▶ [Work task]: Go through the records below and return each line that has "with" in it.

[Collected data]
──────────────────────────────

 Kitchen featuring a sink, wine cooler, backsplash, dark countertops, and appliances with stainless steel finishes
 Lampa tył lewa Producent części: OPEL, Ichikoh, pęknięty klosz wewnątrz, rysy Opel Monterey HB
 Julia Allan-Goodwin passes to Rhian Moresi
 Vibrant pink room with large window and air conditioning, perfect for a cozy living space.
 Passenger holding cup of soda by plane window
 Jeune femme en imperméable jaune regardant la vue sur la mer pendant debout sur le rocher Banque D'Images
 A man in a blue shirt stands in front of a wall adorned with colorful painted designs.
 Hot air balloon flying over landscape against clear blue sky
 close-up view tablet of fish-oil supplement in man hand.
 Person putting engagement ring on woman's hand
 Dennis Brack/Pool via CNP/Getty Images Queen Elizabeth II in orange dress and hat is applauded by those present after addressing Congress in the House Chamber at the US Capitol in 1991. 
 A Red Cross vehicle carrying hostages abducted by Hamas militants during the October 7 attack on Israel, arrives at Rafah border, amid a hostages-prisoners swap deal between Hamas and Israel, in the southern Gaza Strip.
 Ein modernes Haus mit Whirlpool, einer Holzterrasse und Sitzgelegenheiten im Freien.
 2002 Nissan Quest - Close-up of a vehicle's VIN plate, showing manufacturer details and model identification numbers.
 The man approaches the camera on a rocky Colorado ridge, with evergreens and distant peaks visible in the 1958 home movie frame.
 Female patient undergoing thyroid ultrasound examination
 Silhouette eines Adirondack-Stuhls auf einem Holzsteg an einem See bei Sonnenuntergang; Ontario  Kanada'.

──────────────────────────────

▶ [Answer space]:
 Kitchen featuring a sink, wine cooler, backsplash, dark countertops, and appliances with stainless steel finishes
 Vibrant pink room with large window and air conditioning, perfect for a cozy living space.
 A man in a blue shirt stands in front of a wall adorned with colorful painted designs.
 The man approaches the camera on a rocky Colorado ridge, with evergreens and distant peaks visible in the 1958 home movie frame.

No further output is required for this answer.